Na casa de banhos termais, ela deverá provar que é capaz de cumprir uma tarefa e é nessa aventura fantasiosa que Chihiro e nós nos adentramos em uma jornada espiritual. Ela é como a Alice, uma menina que se perde em histórias mirabolantes de um reino alternativo no país das maravilhas; e nós, por tabela, vamos usufruindo dessas doces loucuras. Tal qual Alice, Chihiro é uma criança que deverá amadurecer e ter responsabilidades como uma verdadeira adulta.
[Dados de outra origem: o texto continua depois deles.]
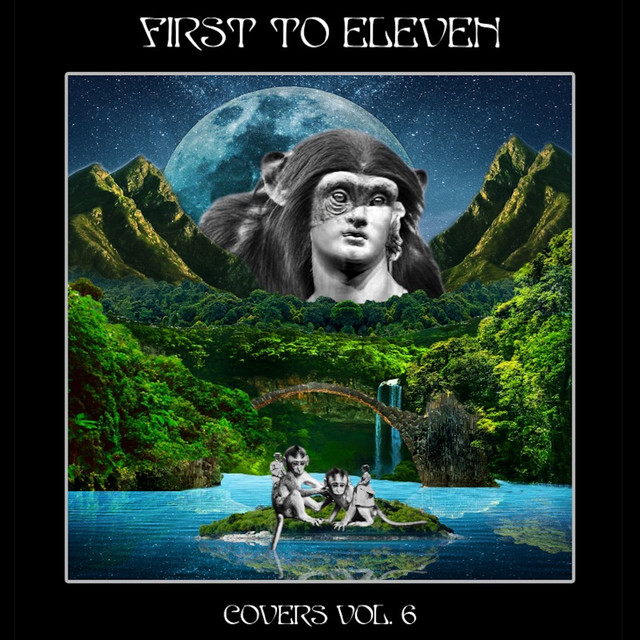 Covers, Vol. 6 cover art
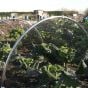 Butterfly Netting to Stop Cabbage Whites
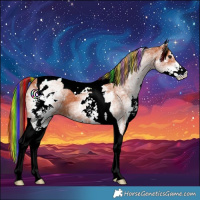 Horse Color:Painted White Spotted Bay Tobiano 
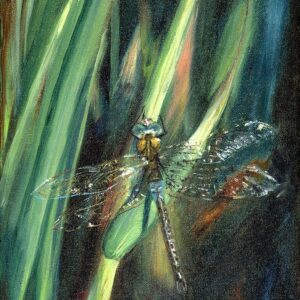 Enchanted Dragonfly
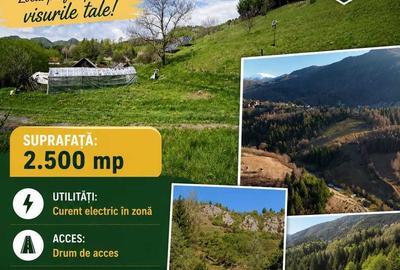 Teren de 2500 mp, în Dâmbovicioara - 5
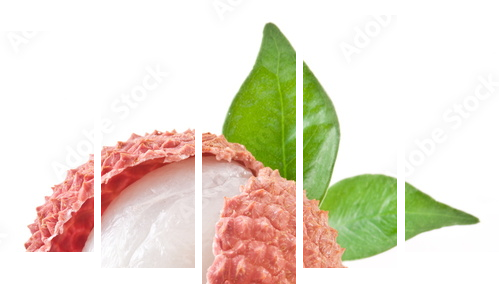 Lychee z liśćmi na białym tle. - Obraz pięcioczęściowy, Pentaptyk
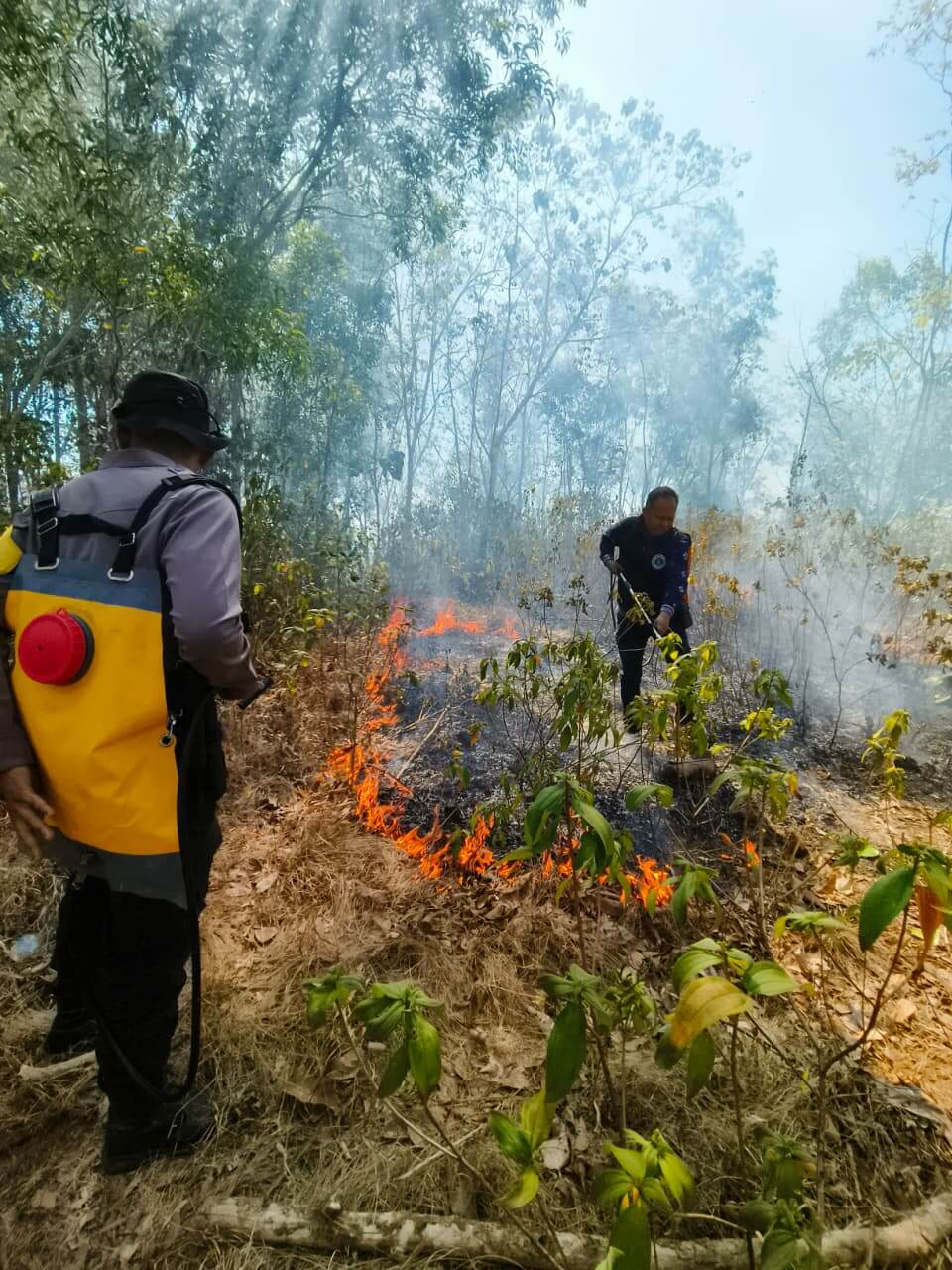 ​Kebakaran Hutan dan Lahan Melanda Gunung Tampajengnge Barru, Petugas Bersama Warga Padamkan Api dengan Alat Seadanya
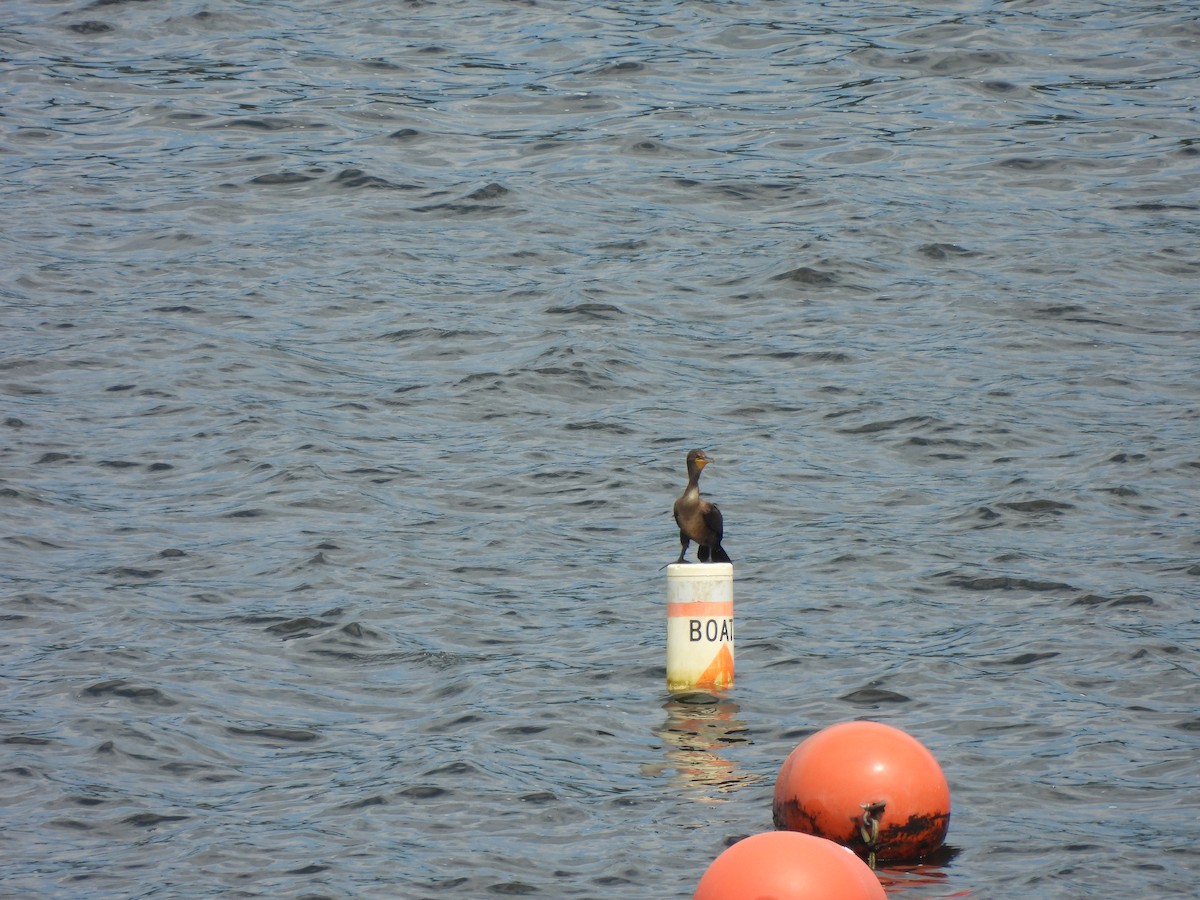 Double-crested Cormorant - ML621533233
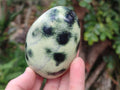 Polished Leopard Stone Standing Display Pieces x 6 From Zimbabwe - Toprock Gemstones and Minerals 
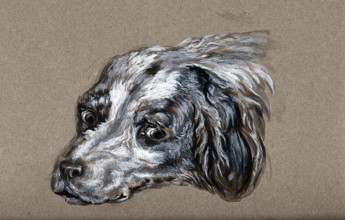 A head of a dog. Creator: Unknown.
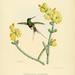 Mustahapsukolibri - Photo Louis Victor Bevalet (1808-), ei tunnettuja tekijänoikeusrajoituksia (Tekijänoikeudeton)
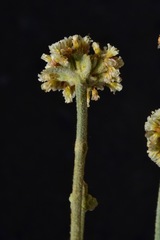 Eriogonum diatomaceum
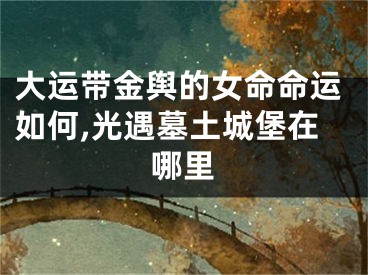 大运带金舆的女命命运如何,光遇墓土城堡在哪里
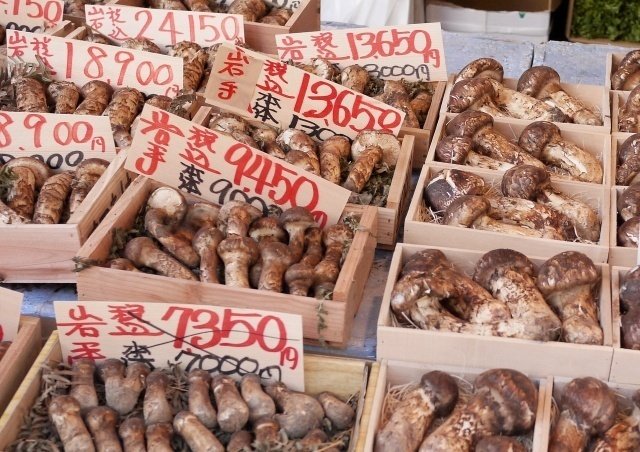 竜騎兵様用　松茸 鯉沼商会 フレッシュ 松茸 LLサイズ[GTIN:なし]/マーム
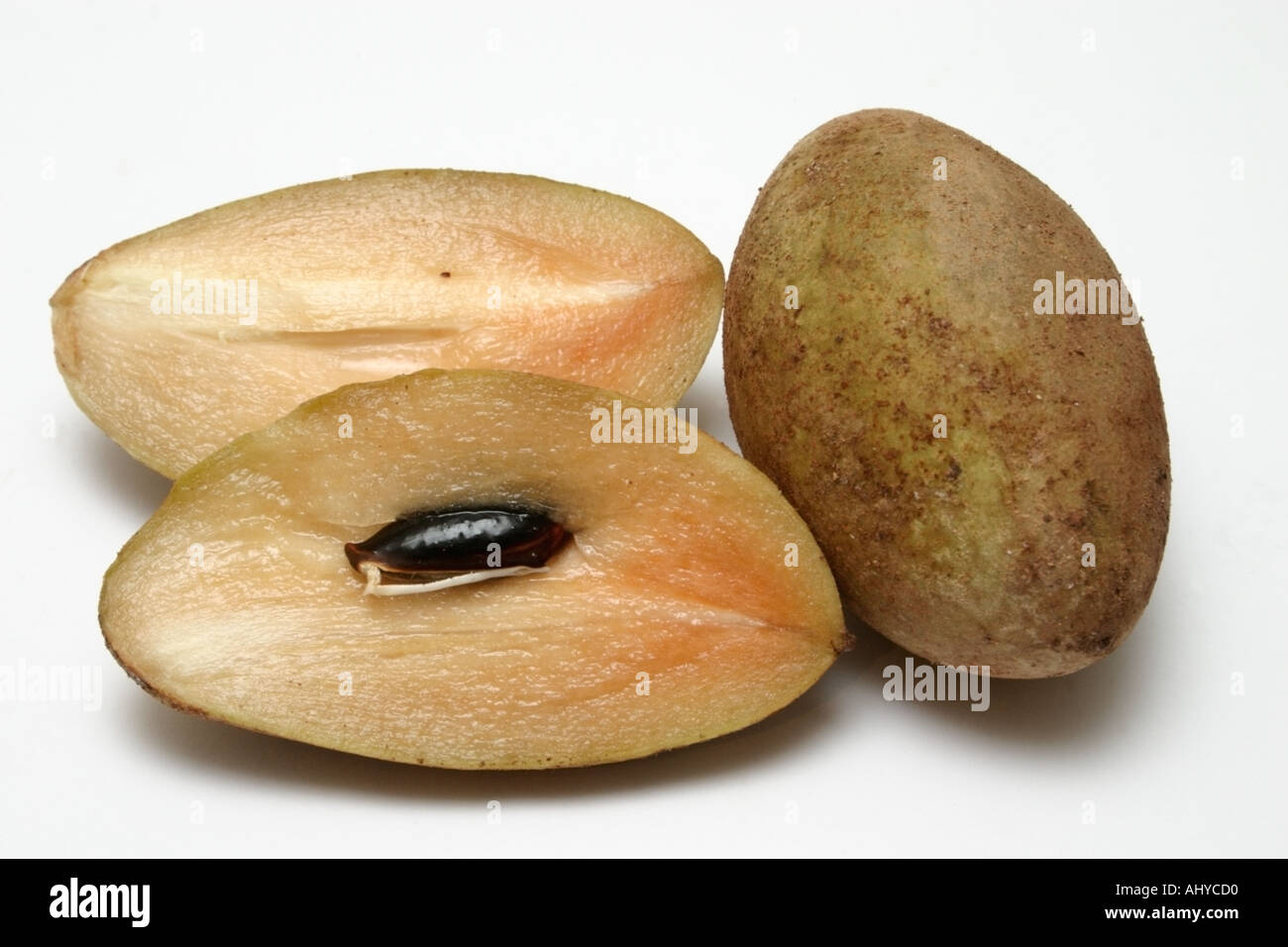 ciku fruit from Malaysia Brown sandy exterior Soft sweet flesh when ripe Sapodilla Stock Photo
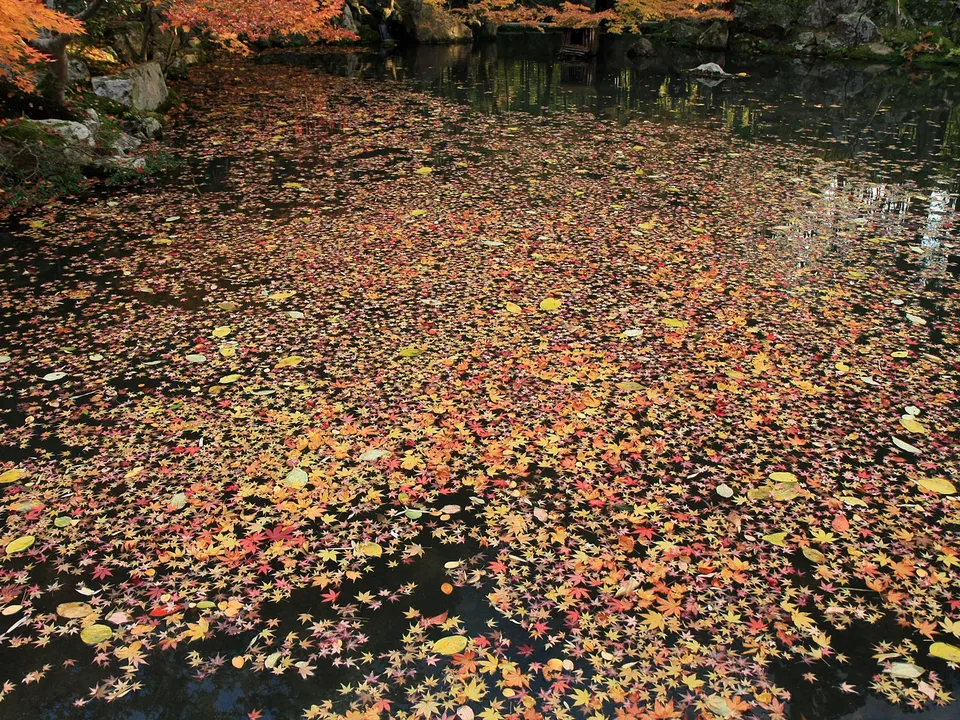 A dark pond covered in a dense carpet of red, orange, and yellow autumn leaves.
Só aí já temos uma baita de uma reflexão acerca da transição de criança para adulta e a maturidade consequente.
É um “coming-of-age” sem o suporte de alguém de sua confiança. Onde ela se encontra é um local desconhecido e não sabemos se são amigos ou inimigos as criaturas que passam por ela. Assim como não sabemos detalhes dos demais personagens, algo que até gostaríamos de nos aprofundar; mas sendo o filme já bem longo e sem necessidade ali de expressar algo mais do que já explorado, fica à nossa imaginação comandar esses aspectos – mas sempre deixando claro de que não porque ficaram lacunas, e sim por uma curiosidade em explorar outras identidades que não apenas a de Chihiro. Não seria interessante saber mais sobre o Sem Rosto?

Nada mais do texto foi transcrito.